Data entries
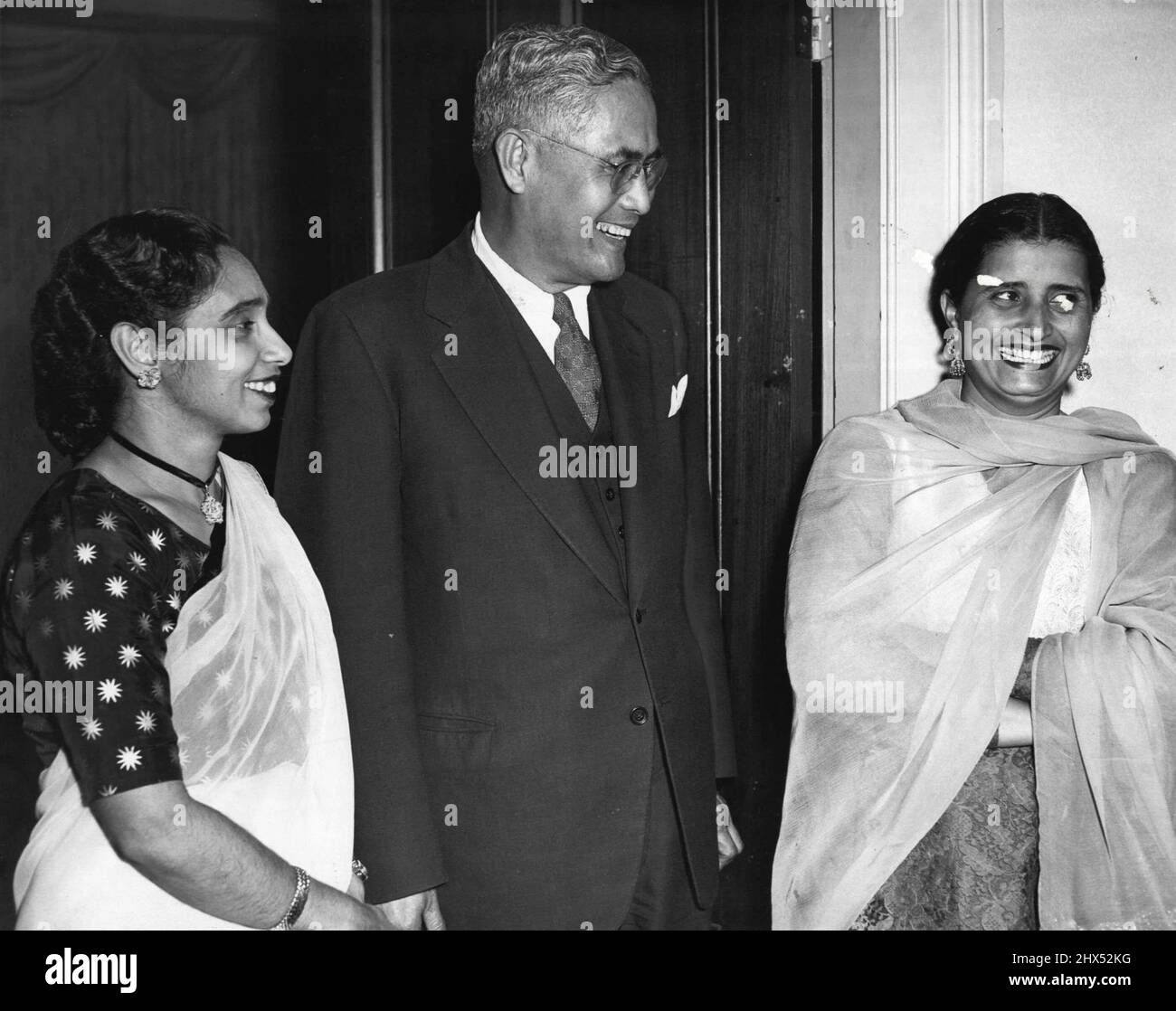 The Begum Rahman wife of the High Commissioner for Pakistan with Minister for Philippines Dr. Robert Regala & Mrs. A. Alvie. September 04, 1955. Stock Photo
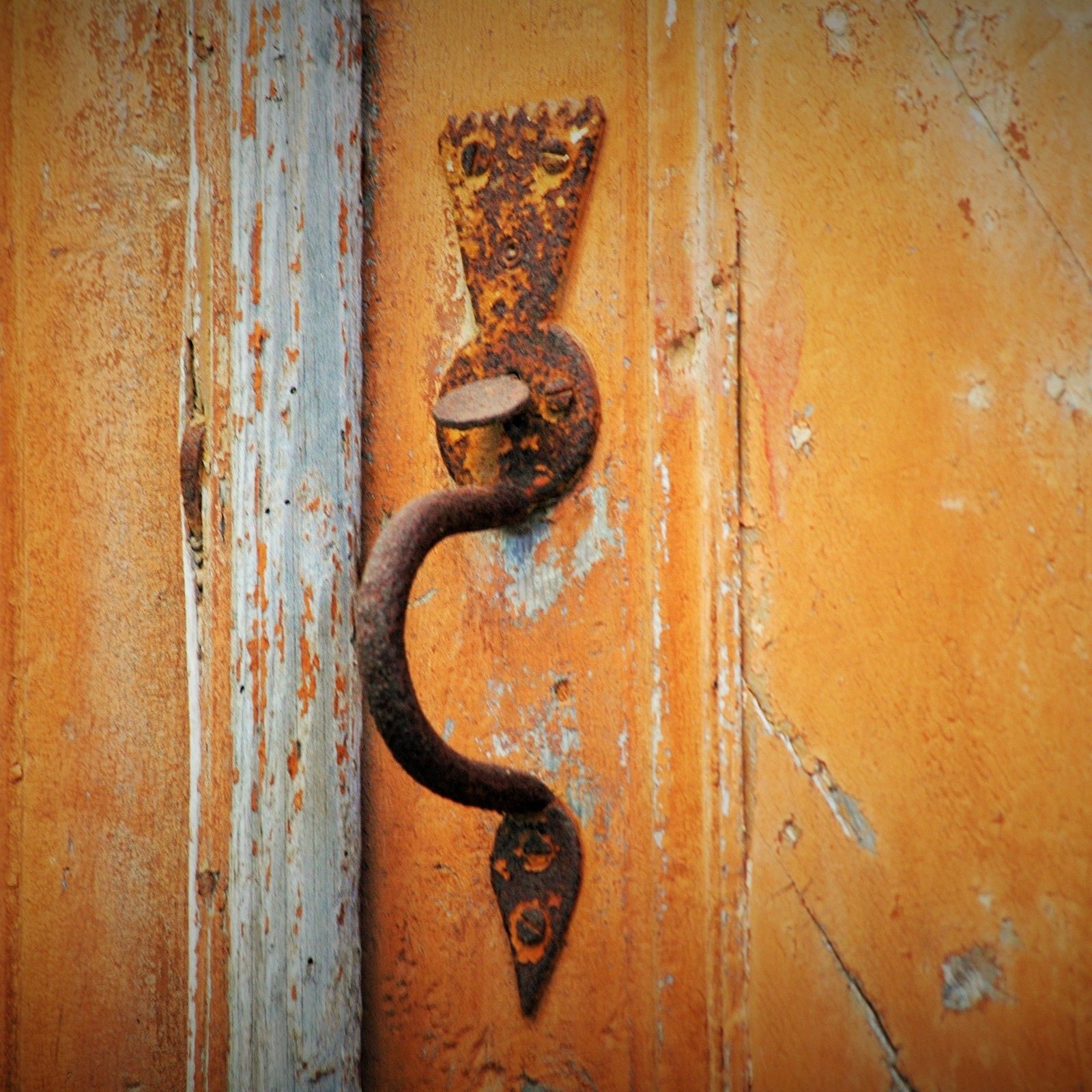 Close-up of a vintage rusty door handle on a weathered wooden door, showcasing rustic charm.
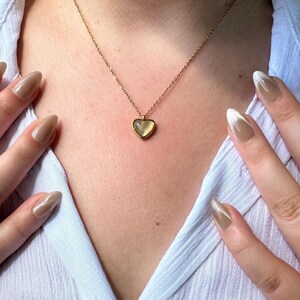May include: A gold-colored necklace with a heart-shaped pendant. The pendant has a light-colored, possibly translucent, center. The necklace is worn over a light blue button-down shirt. The person's hands are visible with long, polished nails.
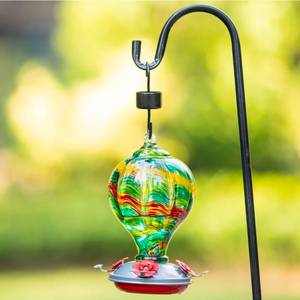 lot 70762 image: Decorative Glass Hummingbird Feeder with Red Flower Ports - Retail $35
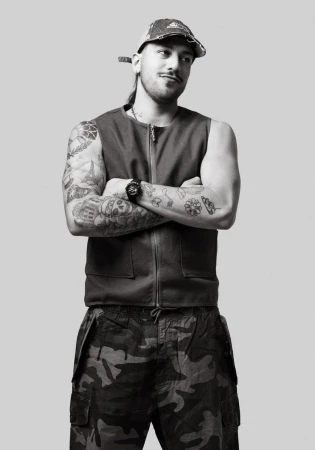 Monochrome portrait of a man with tattoos, wearing a vest and camouflage pants, arms crossed, posing in front of a neutral gray backdrop.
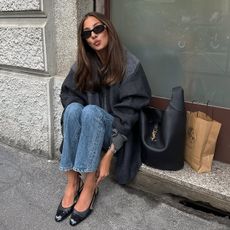 @fakerstrom wears a Saint Laurent bag, blue jeans and a grey jacket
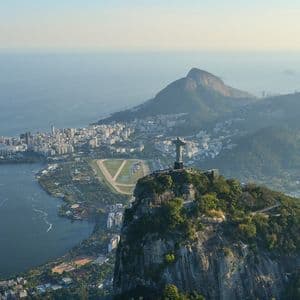 An aerial view of the Christ the Redeemer statue on a mountain, overlooking a coastal city with a large lagoon and the ocean.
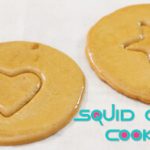 Two round cookies rest on a white surface. One cookie has a heart shape pressed into it, and the other has a star shape. The text "SQUID GAME COOKIE" appears in the bottom right corner.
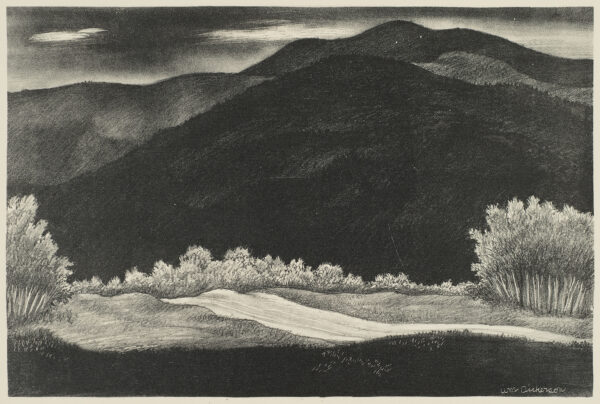 A moonlit scene of dark foreground and mountains behind a brightly lit road running from lower right to center. There are several bright clouds in the dark sky.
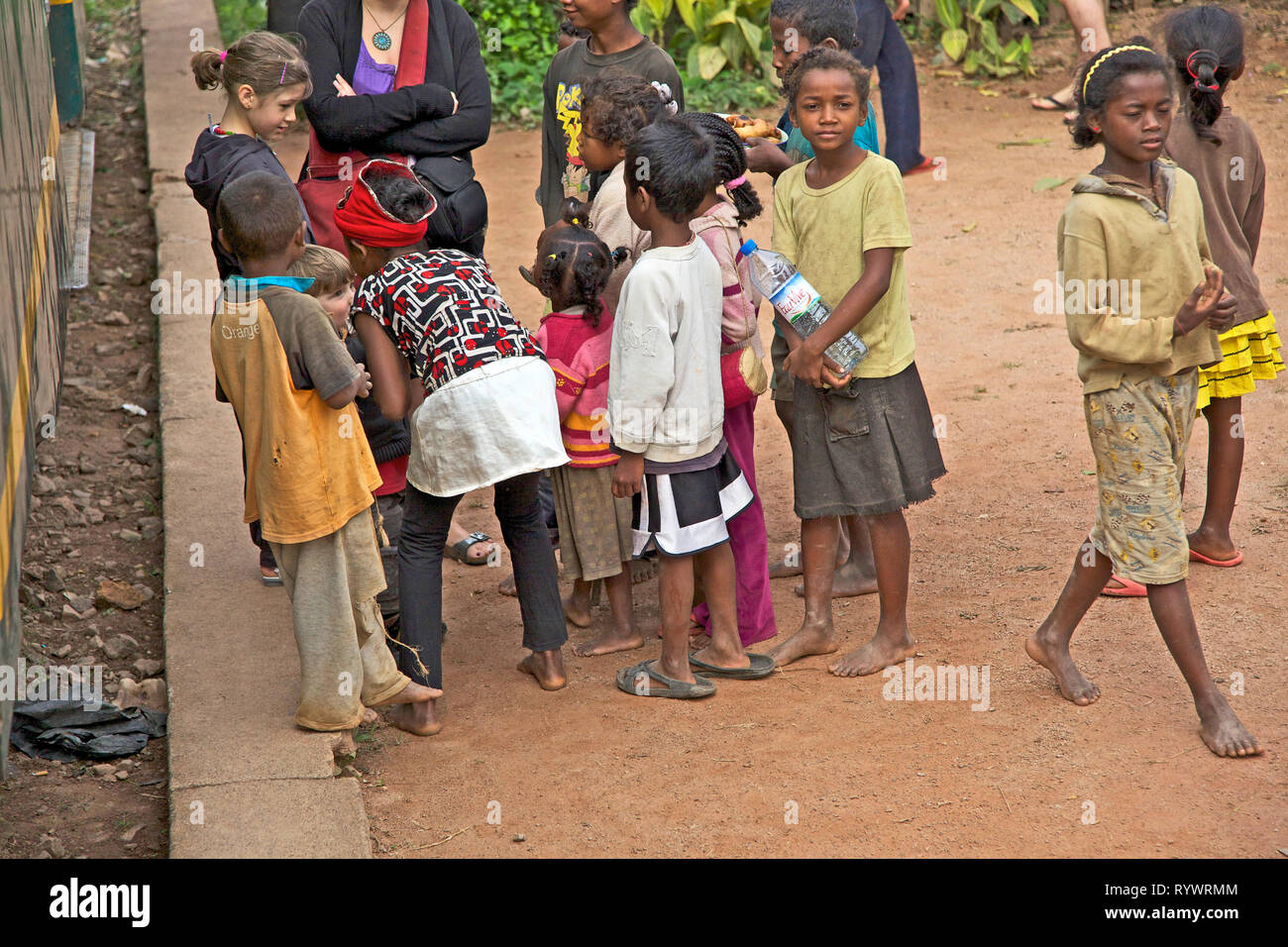 Local kids talking to young tourist children on the train station. The train Finarantsoa to Manakara. Madagascar. Stock Photo
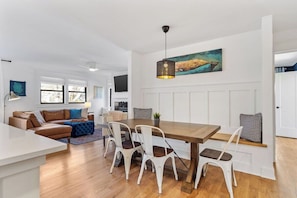 A modern living room with a wooden dining table, white chairs, a brown leather sofa, and a hanging light fixture.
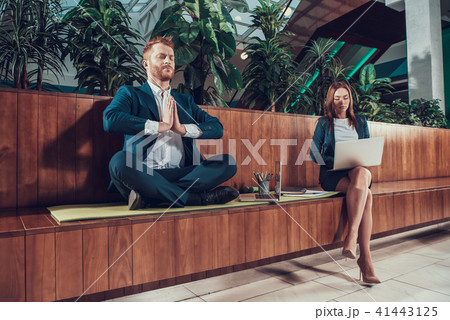 Worker meditating on bench in office. Worker meditating on bench in office. 41443125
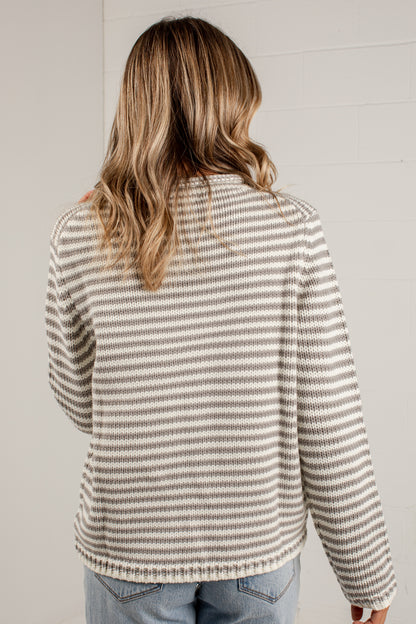 A woman viewed from behind wearing a long-sleeve knit sweater with thin horizontal beige and gray stripes, paired with light blue jeans, against a light gray brick wall.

**What the task requires**
Output every record above word for word, omitting any pictures they contain.

**Answer for this exercise**
 The Begum Rahman wife of the High Commissioner for Pakistan with Minister for Philippines Dr. Robert Regala & Mrs. A. Alvie. September 04, 1955. Stock Photo
 Close-up of a vintage rusty door handle on a weathered wooden door, showcasing rustic charm.
May include: A gold-colored necklace with a heart-shaped pendant. The pendant has a light-colored, possibly translucent, center. The necklace is worn over a light blue button-down shirt. The person's hands are visible with long, polished nails.
 lot 70762 image: Decorative Glass Hummingbird Feeder with Red Flower Ports - Retail $35
 Monochrome portrait of a man with tattoos, wearing a vest and camouflage pants, arms crossed, posing in front of a neutral gray backdrop.
 @fakerstrom wears a Saint Laurent bag, blue jeans and a grey jacket
 An aerial view of the Christ the Redeemer statue on a mountain, overlooking a coastal city with a large lagoon and the ocean.
 Two round cookies rest on a white surface. One cookie has a heart shape pressed into it, and the other has a star shape. The text "SQUID GAME COOKIE" appears in the bottom right corner.
 A moonlit scene of dark foreground and mountains behind a brightly lit road running from lower right to center. There are several bright clouds in the dark sky.
 Local kids talking to young tourist children on the train station. The train Finarantsoa to Manakara. Madagascar. Stock Photo
 A modern living room with a wooden dining table, white chairs, a brown leather sofa, and a hanging light fixture.
 Worker meditating on bench in office. Worker meditating on bench in office. 41443125
 A woman viewed from behind wearing a long-sleeve knit sweater with thin horizontal beige and gray stripes, paired with light blue jeans, against a light gray brick wall.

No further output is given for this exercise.